Pre-Pandemic Regional Trends in Patients hospitalized with Acute Respiratory Distress Syndrome in Germany

Ingo Sagoschen (Mainz)1, K. Keller (Mainz)1, I. T. Farmakis (Mainz)2, P. Lurz (Mainz)1, L. Hobohm (Mainz)3

1Universitätsmedizin der Johannes Gutenberg-Universität Mainz Kardiologie 1, Zentrum für Kardiologie Mainz, Deutschland; 2Universitätsmedizin der Johannes Gutenberg-Universität Mainz Centrum für Thrombose und Hämostase Mainz, Deutschland; 3Universitätsmedizin der Johannes Gutenberg-Universität Mainz Zentrum für Kardiologie Mainz, Deutschland



The initial phase of the COVID 19 pandemic focused primarily on the resources available for the intensive care treatment of patients with SARS CoV-2 related acute respiratory syndrome.
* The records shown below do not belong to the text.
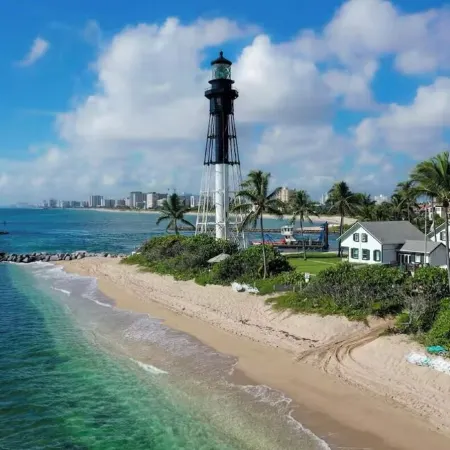 Luxury Sanctuary! Modern 2Br Only 6 Min to Beach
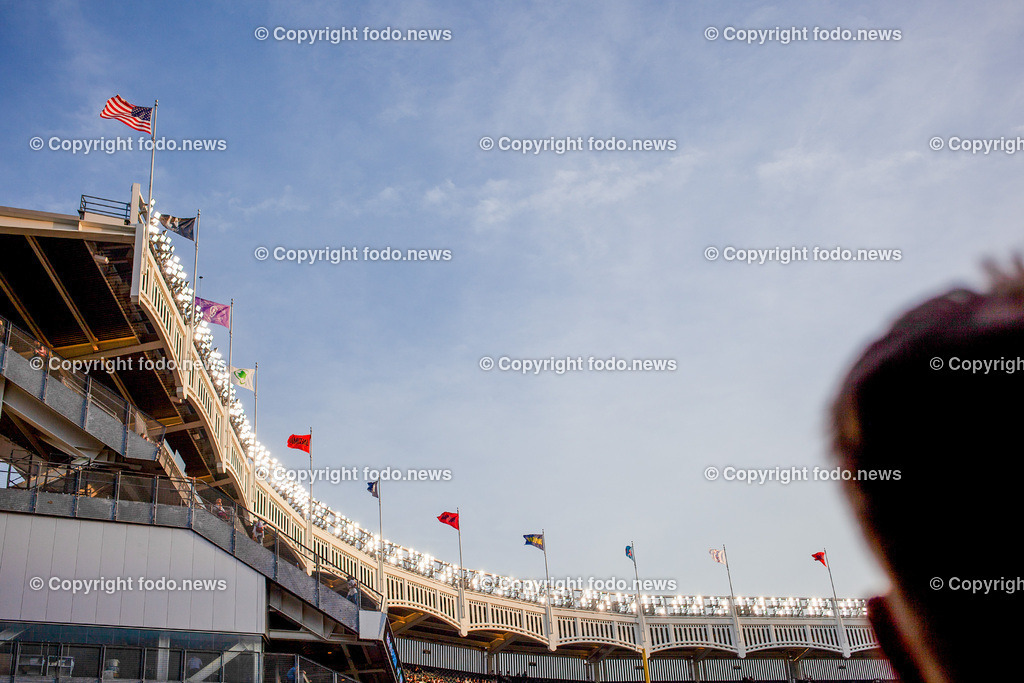 Vereinigte Staaten von Amerika_ USA_ New York City_ NYC_ 20.05.2024-111 | 20.05.2024, Vereinigte Staaten von Amerika, USA, New York City, NYC im Bild diverse Stadtansichten New York City, Wolkenkratzer, Essen, U-Bahn, Menschen, Stadion, Baseball, Yankees, Mets, Manhatten, East River, Trump, Macy, Verkehr, AutosNew York City ist eine Weltstadt an der Ostkueste der Vereinigten Staaten. Sie liegt im Bundesstaat New York und ist mit rund 8,8 Millionen Einwohnern die bevoelkerungsreichste Stadt des Landes.Quelle: Wikipedia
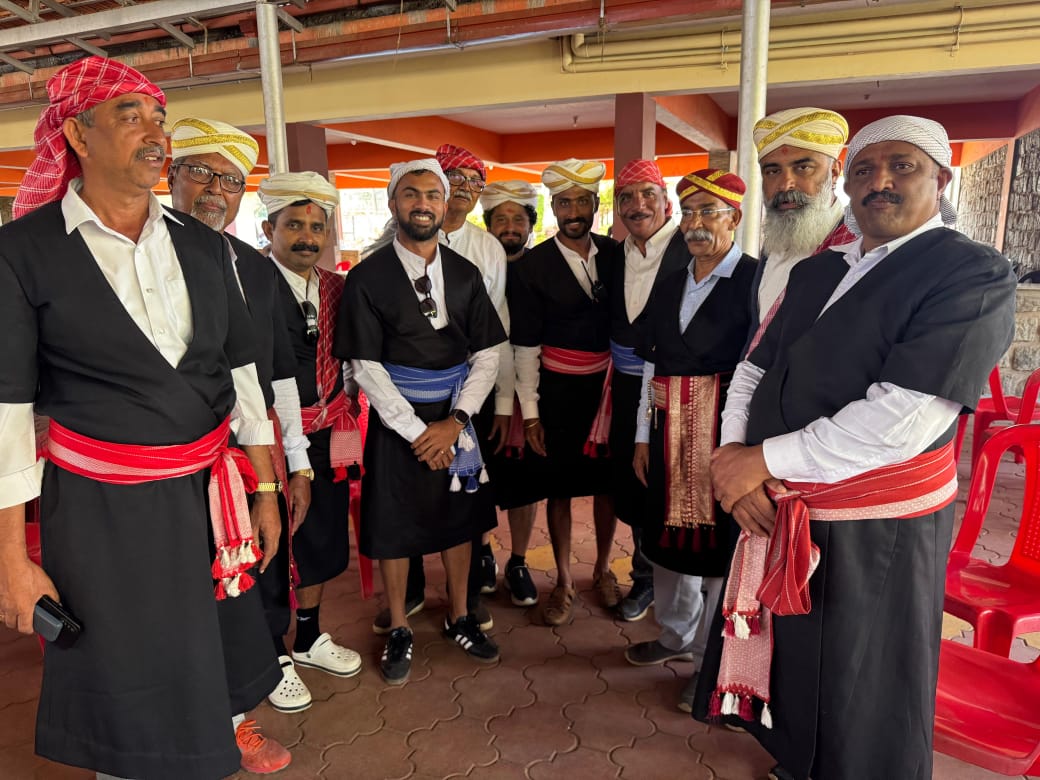 KodavameBaalo's tweet photo. Olympians and our Kodava Hockey Legends, Col Baleyada Subramani, Sannuvanda Uthappa, &amp; Chendanda Nikkin Thimmaiah gracing the #KodavameBaalo with their presence!

#KodavameBaalo 
#Kodava 
#KuttaToMadikeri 
#KodavameBaaloPadayatra https://t.co/2UMtp3fRqc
Enourmous efforts were made to mobilize technical an human resources to provide the higes possible number of intensive care beds to the people of Germany. But ARDS was present on ICU´s before the COVID 19 pendemic. Altough significant progress had been made in understanding the pathophysiology of acute respiratory distress syndrome (ARDS) over the last 30 years ARDS it is still a life-threatening medical condition with a high mortality rate. Little is known about temporal trends and regional variations in Germany before the pandemic.


We analyzed data on the characteristics, comorbidities and in-hospital outcomes for all hospitalized patients with ARDS in Germany between 2005 and 2019. Diagnoses were coded according to the International Classification of Diseases and Related Health Problems, 10th Revision with German Modification (ICD-10-GM), and diagnostic, surgical or interventional procedures according to the German Procedure Classification (OPS, surgery and procedures codes. The computed study analyses were performed on our behalf by the Research Data Center of the Federal Statistical Office and the Statistical Offices of the federal states in Wiesbaden, Germany. 


Overall, 8,369,723 inpatients aged ≥18 years were included in this analysis; among these, 155,872 (1.9%) were coded with the diagnosis of ARDS.  The annual number of ARDS cases increased from 7,286 in 2005 to 13,722 in 2019 in parallel with a significant decrease of in-hospital mortality (Figure 1). Overall, 74,751 (48.0%) patients with ARDS died during the in-hospital stay and in-hospital case-fatality grew exponentially with age. Independent predictors of in-hospital fatality with an OR >2 were age ≥70 years, necessity of ECMO, severe liver disease, acute renal failure, dialysis, shock and cardio-pulmonary resuscitation. Most patients with ARDS were treated in hospitals in urban areas (n=56,582) with a high case-fatality rate (49.7%), but also with concomitant high proportion rate of mechanical ventilation (23.7%) compared to hospitals in suburban or rural areas (Figure2). 


The number of patients with ARDS increased markedly in Germany between 2005 and 2019, in parallel with a decrease of in-hospital fatality. Our findings may suggest that general management of ARDS have improved over time and might draw more attention to predictors for in-hospital fatality in patients hospitalized with ARDS. The need for mechanical ventilation and a poor outcome was more likely in urban areas – this might be accentuated by patient transfer to specialized high care centers usually located in urban settings. These findings should be futher interpreted in relation to the distributions and outcomes during the pandemic and especially in the years after the high impact of SARS CoV-2 on ICU resources.